Gradeflation is very real.
Open up any exam paper from 20 years ago, check the admissions requirements for anything back in the 2000s, and you'll be thinking: "they had it so easy back then".
Nowadays, look around you and you see tutoring centres full of students, people taking extra lessons here and there. Everyone's grinding. Everyone's improving.
That's the reality of gradeflation. When a cohort of students collectively pushes harder, the bar rises because the people rise.
There's a Chinese concept called neijuan that names this feeling exactly. It's not so much a rat race as it is a cultural phenomenon of everyone striving to gain a competitive edge, and as a result, getting a 90+, getting into a top university, standing out at all, becomes harder every single year.
So what do you do? You do what any logical person does: get a tutor, work an extra few hours, push yourself to the very top. And that works, until it doesn't. It stops working because when everyone else does the same thing, every advantage disappears.
You're not alone
Everyone in your cohort has felt this. And most of them resent it: the system, the tutors, the competition, the privilege of others. But that's the wrong thing to resent.
The 2010s graduate thought the same thing. So did the 2000s graduate. So did the 1990s graduate. Every generation has gone through gradeflation. Just like how inflation quietly raises the cost of living each year, gradeflation has quietly raised the standard.
Objectively, you are more capable than any of those graduates were at your age. The curve keeps moving upwards, and yes, that means you're always running to keep up with it. But that's kind of the point. It means the floor keeps rising, and you're part of a generation that's genuinely better than the ones that came before.
This goes for parents too. Parents often push the gradeflation agenda, extra work, extra classes, because they're training their kids for the world they grew up in, where a bit of extra effort actually separated you. But the bar has moved. Every student is doing the extra work now. Pushing harder inside a system that's already saturated doesn't give kids an edge, it just exhausts them earlier.
Capability vs direction
With this in mind, you have two options. You either keep taking part in gradeflation, working longer, squeezing out every last competitive edge you have against your peers. Or you find a direction.

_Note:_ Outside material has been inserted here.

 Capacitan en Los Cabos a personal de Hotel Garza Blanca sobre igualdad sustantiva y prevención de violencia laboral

Gradeflation has no direction. You don't know what you're doing it for, it's painful, but you do it anyway. It gets you good grades and probably good status too, but at the expense of your time and your purpose.

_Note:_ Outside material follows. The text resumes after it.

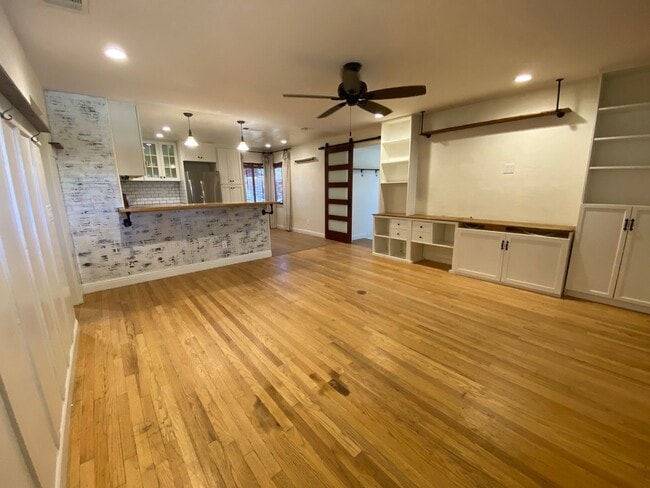 Building Photo - Beautiful Home for rent in Tulare, Ca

Students tie their capability up with neijuan. The harder you work, the more capable you are, so they chase that endlessly. That's why everyone asks how many hours they should be studying a day. They don't want to feel left behind. But there's no finish line. The standards only ever go up, and if that's all you're running towards, you'll be running forever.
Even after school, this phenomenon persists. In uni and job applications, the same thing happens with CVs, LinkedIn profiles, internship applications. Everyone's credentials have inflated so much that the credential is no longer the differentiator. Without any direction, you're thrown into a cesspit of students all fighting to make it out, all doing the exact same things, all wondering why nothing is working.

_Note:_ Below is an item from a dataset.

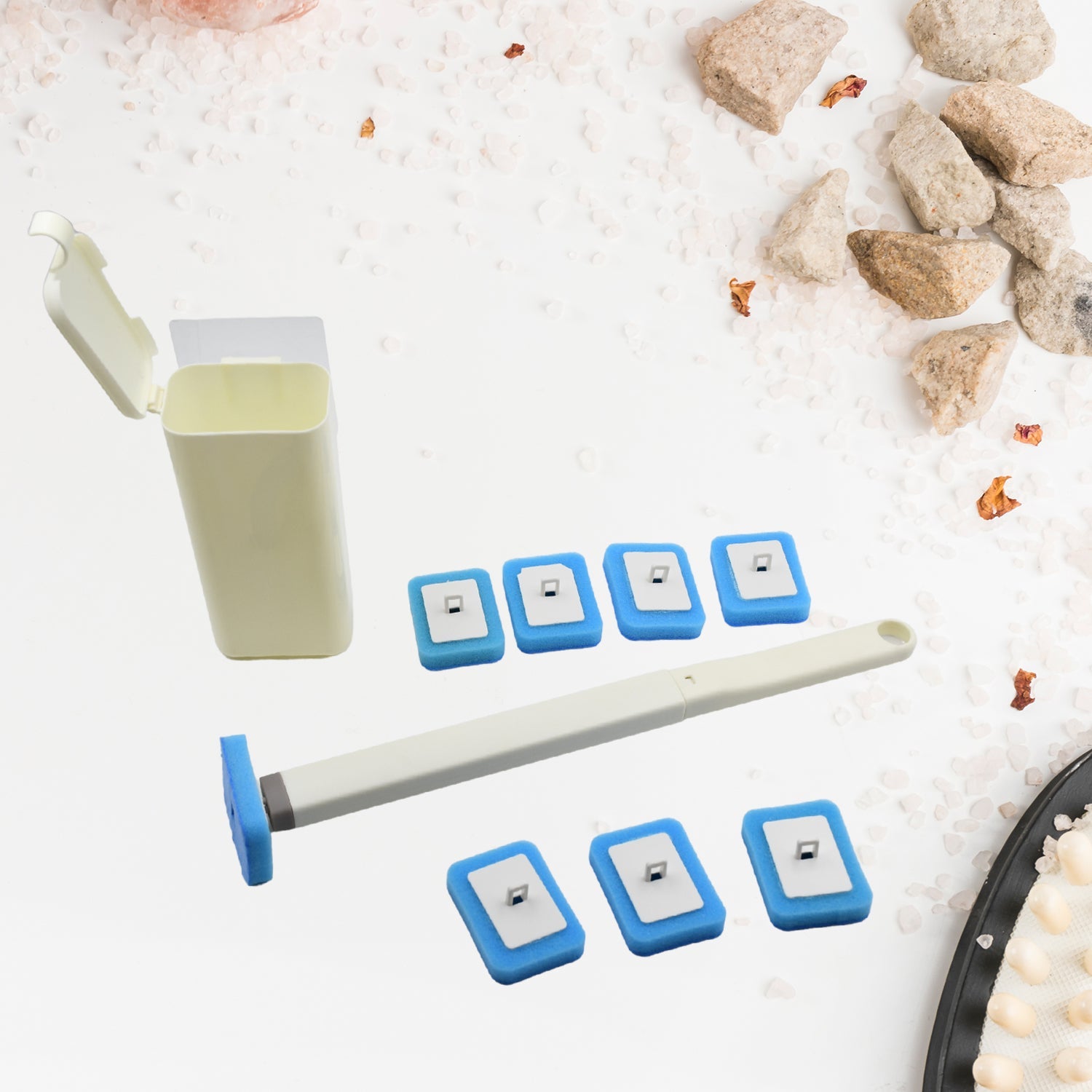 Disposable toilet brush kit for deep cleaning. Disposable toilet brush kit for deep cleaning.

The people who actually stand out do something different. They are still exceptionally hard workers, but their efforts go towards something specific. They don't ask whether they're studying enough because the question doesn't really come up. They already know what they're working for.
No one has ever gotten somewhere worth going by worrying about lagging behind in gradeflation. Your generation is the best it has ever been, and the worst it ever will be. The resources are there, the precedents are there. The only question is whether you're spending your energy on direction, or on anxiety.
A simple way to start thinking about it: what's the thing you'd keep working on even if nobody was grading you on it? Not a hobby, not something you feel like you should say. The thing you actually find yourself doing when nobody's watching. That's probably closer to your direction than any exam result ever will be.
A different lens
Think about it the other way. Yes, it was easier to do well back then. But knowledge and resources were far less accessible too. Imagine trying to understand calculus without a 3Blue1Brown animation to visualise it, and instead having to work through a manuscript from your local library. That's what people dealt with.
The better way to look at the past is not "they had it easier" but "look what was built with less." NASA landed on the moon with 4KB of RAM. The people who built the things you use every day had a fraction of the information, tools, and access you have right now. The floor is high, but the ceiling is practically limitless.
The people who look back on this period without regret won't be the ones who studied the hardest in that tutoring centre. They'll be the ones who figured out what they were doing all of it for. Gradeflation will keep rising regardless. The difference is whether you're being carried along by it, or actually going somewhere.